I intended to purchase three tops, but the low-end version I thought might work was so incredibly cheap and flimsy that I couldn’t bear to spend any money on it. (Sorry, Glassons.) I ended up with two different shirts from different price points, one, from Icebreaker and one from Max.
Icebreaker - I purchased a black Valley Slim Crewe Sweater which sells for NZ$179 (or about US$122). Icebreaker is a New Zealand company that started out focusing on outdoor apparel made from natural fibers. The shirt I selected isn’t an outdoorsy-athletic top. It’s nicely ribbed and could be paired with jeans or a cute skirt for an every day look. It is quite long, so I plan on wearing it with leggings and either a big chunky sweater jacket or faux fur vest.
Max - I purchased a dark green Merino Crew Neck Top which sells for NZ$69 (or about US$47). Max started in Auckland in 1986 and focuses on trends and basics. It’s a step above Zara or H&M, perhaps akin to a J. Crew, but without the preppy emphasis. This shirt is much simpler. It could be a stand alone top, or it could work as a warming underlayer, almost like long johns.

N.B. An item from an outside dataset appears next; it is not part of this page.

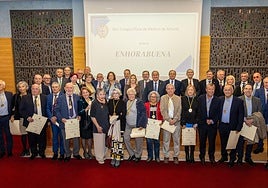 El Colegio de Médicos de Almería celebra el acto homenaje a los Colegiados Honoríficos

I have two issues with these shirts. First, they are itchy. I just don’t understand why people want this scratchy, harsh fabric next to their skin. Even the smoothest, finest merino has some scratch to it. What’s up with that? Why not wear silk long johns under clothes instead of this itchiness? Second, they are like velcro. The tiniest thing sticks to both, whether it be a stray hair or crumb. I feel like I need to walk around with a lint roller.
Of the two, the Icebreaker is clearly my favorite. It is less itchy and is better as a stand alone piece. The thin Max option is fine as a thin layering piece, but it really needs something over it, like a cute jacket or a cardigan, to really work.
Does anyone know the secret to making merino a comfortable, wearable fabric? I really want to understand this Kiwi obsession!